The Extra Place
- Eastern Europe and Central Asia, Poland
- Personal Essay
I am talking with Kasia, a woman I met a couple of years ago. Kasia works for a Western firm, at a salary lower than that of an expatriate but still quite generous by Polish standards. She's a bit younger than I am, slender, with finely etched features, blue-gray eyes. There's a quiet voice, a certain reserve in her manner: what I think of as the "Polish aristocrat" look. We are in her office, drinking tea. She is amazed at the number of Americans, ex-Peace Corps and others, who have returned to Poland after a brief stay in the United States.
"But the same thing happened to me, years ago," she says thoughtfully. "I thought that the West would be wonderful, and then I lived there for a year; I started thinking about Poland, and something inside me wanted to come back. And you know, when I came back it seemed that Poland was perfect." She looks at me. "But now I think it is time for me to leave again."
"Is it because you've changed, or Poland has changed?"
"I think both." She pauses, glances out the window. Across the street, the renovations on the Sezam department store are under way, and the new McDonald's next to it is doing a brisk business.
"I will tell you about something that happened a few months ago. It was Wigilia—Christmas Eve—and my husband and I were in our apartment. We heard someone at the door. Not our apartment door, but the door to the outside, downstairs."
"On the domophon," I say. The existence of an intercom system in a building is a definite plus in security-conscious Warsaw.
"Yes, on the domophon. I asked who it was. We were not expecting anyone at just that time, but my husband's family—his mother, his brother and wife and children—were coming over later for dinner. My daughter was putting the plates on the table, and my husband was helping me with the dinner. I remember when I heard the domophon, I said to him: 'This is your mother, I know it, and she will be coming in the kitchen and telling me how to fix the dinner.'
"But it was a man, a stranger. He was a refugee from Yugoslavia, he said, and he was looking for someplace where he could spend the night. He had no money; he had no place to go. He didn't know anyone in Warsaw. Before I could say anything, my husband told him that we were sorry. We couldn't help him."
"That seems the reasonable thing to do," I tell her. "After all, you didn't know who it was."
She shakes her head. "You know, we have a tradition here, on Christmas, to set an extra place for the stranger who might come. I looked at our table and I remembered the extra place. I wanted to ask the man in, and I told my husband, 'Let him in, it's Christmas.'
"'No,' he said, 'how do we know that this person does not have two others behind him with guns?'
"'Marek,' I said, 'it's Christmas! There is the extra place!' But he still said no. So we quarreled a little bit—yes, I quarreled with my husband on Christmas. I was angry, but I knew that he was right. And we didn't open the door.

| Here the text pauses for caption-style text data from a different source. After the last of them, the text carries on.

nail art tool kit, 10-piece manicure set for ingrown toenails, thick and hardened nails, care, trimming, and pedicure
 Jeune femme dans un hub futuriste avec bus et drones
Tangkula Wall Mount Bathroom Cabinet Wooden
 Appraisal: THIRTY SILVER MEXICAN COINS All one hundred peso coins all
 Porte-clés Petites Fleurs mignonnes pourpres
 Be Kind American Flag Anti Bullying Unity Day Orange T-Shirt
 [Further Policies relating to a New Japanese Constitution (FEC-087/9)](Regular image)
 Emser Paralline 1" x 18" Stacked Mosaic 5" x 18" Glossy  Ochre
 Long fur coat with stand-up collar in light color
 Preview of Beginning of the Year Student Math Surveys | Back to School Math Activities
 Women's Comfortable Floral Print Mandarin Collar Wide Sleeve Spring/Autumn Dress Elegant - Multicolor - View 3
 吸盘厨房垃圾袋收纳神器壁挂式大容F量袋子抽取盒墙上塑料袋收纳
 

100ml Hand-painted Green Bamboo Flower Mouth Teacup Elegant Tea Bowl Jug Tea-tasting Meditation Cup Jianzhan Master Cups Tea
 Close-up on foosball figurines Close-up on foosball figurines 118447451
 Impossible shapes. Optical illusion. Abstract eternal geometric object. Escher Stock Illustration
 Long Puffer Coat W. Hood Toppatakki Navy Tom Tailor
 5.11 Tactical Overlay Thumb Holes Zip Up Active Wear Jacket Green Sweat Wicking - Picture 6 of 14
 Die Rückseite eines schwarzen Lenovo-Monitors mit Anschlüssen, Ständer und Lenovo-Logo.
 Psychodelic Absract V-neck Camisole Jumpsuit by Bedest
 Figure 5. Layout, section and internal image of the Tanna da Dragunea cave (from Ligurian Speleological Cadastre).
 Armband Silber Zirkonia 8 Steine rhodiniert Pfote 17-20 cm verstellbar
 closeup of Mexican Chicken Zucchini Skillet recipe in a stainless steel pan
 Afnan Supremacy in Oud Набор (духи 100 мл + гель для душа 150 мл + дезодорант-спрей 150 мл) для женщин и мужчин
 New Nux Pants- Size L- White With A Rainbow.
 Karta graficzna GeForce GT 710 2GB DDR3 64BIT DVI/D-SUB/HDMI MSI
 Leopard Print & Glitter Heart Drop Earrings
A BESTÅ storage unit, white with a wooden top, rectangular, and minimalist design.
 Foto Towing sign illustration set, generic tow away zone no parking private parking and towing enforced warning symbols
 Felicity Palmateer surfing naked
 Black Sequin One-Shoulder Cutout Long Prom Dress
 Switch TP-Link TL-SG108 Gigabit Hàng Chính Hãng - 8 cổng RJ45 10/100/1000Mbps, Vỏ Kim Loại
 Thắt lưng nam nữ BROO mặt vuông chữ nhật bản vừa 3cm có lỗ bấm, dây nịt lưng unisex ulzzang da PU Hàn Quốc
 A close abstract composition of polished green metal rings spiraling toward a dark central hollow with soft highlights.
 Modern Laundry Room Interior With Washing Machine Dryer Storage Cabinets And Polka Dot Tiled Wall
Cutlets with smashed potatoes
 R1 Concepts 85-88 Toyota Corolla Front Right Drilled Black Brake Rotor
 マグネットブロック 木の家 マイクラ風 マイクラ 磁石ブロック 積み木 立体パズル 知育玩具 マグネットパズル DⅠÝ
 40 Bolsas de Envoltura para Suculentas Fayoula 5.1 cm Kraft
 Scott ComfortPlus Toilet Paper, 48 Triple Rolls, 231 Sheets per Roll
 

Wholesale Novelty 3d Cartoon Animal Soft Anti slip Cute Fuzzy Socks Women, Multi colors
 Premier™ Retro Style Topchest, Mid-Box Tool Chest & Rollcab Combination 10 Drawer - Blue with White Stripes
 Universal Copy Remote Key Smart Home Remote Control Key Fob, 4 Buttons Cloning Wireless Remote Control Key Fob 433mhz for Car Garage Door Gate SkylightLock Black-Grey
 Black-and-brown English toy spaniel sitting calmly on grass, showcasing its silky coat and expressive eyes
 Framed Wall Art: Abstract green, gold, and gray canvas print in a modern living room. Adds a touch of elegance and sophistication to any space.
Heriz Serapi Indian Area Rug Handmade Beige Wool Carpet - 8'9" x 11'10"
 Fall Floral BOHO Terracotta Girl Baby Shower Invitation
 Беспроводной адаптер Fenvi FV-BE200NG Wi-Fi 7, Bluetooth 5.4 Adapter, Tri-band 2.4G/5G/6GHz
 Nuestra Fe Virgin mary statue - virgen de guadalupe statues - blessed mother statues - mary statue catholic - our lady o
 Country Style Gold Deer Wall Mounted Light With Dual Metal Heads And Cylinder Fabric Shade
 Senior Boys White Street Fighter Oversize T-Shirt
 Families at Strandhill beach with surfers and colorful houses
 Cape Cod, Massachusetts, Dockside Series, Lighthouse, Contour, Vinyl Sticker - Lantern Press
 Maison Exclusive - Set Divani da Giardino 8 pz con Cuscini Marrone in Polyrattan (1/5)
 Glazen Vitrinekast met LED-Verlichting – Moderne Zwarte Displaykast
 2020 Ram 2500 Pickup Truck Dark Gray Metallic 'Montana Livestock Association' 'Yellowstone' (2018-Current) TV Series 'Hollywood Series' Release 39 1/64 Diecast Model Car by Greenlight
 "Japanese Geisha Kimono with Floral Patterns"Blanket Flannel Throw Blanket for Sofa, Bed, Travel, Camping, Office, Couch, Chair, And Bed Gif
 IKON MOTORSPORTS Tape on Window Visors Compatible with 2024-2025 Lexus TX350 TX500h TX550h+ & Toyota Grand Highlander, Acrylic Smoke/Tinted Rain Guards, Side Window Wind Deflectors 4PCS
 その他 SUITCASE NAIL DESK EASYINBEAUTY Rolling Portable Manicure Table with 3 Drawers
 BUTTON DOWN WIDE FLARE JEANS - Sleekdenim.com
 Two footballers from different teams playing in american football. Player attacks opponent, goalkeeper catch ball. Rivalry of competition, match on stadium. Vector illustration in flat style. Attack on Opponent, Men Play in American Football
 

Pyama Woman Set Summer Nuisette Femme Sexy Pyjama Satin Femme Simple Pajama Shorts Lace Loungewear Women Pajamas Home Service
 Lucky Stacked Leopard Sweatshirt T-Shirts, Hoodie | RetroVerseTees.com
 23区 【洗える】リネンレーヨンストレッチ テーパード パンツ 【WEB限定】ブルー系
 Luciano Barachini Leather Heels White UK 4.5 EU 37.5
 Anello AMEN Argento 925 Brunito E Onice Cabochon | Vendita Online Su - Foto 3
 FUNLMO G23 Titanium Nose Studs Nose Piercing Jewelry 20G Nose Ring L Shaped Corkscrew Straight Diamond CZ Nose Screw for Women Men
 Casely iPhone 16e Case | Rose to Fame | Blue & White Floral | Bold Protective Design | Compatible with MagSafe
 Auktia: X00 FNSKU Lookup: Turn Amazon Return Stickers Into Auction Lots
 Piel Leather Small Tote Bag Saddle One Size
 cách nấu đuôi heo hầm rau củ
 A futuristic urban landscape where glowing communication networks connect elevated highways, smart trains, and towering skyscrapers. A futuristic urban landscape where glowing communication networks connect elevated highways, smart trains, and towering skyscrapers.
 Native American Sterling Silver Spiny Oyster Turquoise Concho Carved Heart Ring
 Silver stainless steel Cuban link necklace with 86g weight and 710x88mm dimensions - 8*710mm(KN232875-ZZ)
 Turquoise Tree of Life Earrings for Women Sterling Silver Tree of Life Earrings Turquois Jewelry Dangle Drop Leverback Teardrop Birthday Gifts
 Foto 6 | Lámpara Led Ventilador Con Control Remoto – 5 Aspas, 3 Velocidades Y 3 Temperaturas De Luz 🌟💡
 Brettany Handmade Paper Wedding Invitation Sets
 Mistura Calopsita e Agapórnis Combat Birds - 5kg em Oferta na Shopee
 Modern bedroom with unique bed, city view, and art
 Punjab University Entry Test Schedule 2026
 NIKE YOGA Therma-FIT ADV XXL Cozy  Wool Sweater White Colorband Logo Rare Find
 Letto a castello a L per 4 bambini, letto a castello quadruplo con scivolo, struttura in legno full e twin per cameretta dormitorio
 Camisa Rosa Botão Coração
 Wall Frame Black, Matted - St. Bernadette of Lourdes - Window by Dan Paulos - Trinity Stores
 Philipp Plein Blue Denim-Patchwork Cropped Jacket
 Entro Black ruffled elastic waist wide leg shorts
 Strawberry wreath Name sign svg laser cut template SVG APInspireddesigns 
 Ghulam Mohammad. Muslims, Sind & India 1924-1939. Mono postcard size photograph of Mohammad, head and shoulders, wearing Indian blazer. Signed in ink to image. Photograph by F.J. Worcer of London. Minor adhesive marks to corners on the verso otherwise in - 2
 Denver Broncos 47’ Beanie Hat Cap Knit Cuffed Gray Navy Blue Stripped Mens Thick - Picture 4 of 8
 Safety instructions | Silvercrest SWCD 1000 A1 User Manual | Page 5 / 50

"So I am thinking now that maybe I do not want to live in Poland for a while. I know that the old system was bad, but I think now that we are losing our soul, and that the problem we have in Poland is not just the inflation that people complain about. It is something else, and I don't know what to call it. But we are losing ... a part of ourselves."
She pauses. "I don't want to live in this country if we are so afraid that we do not even open our door on Christmas to a stranger. If we are so busy that we forget what it means, the extra place."
We sit for a moment, not speaking. What can I tell her? I remember last winter; I was living in an American city, in the Northeast, where an elderly woman locked herself out of her house and froze to death on her neighbor's porch. The neighbor was afraid to answer the knock on the door. I think about the millions of dollars in aid, the hundreds of advisors sent here to help the Poles change their system, and I wonder if we ever thought to warn them of the losses that come with the gains, of the extra places that are only empty plates.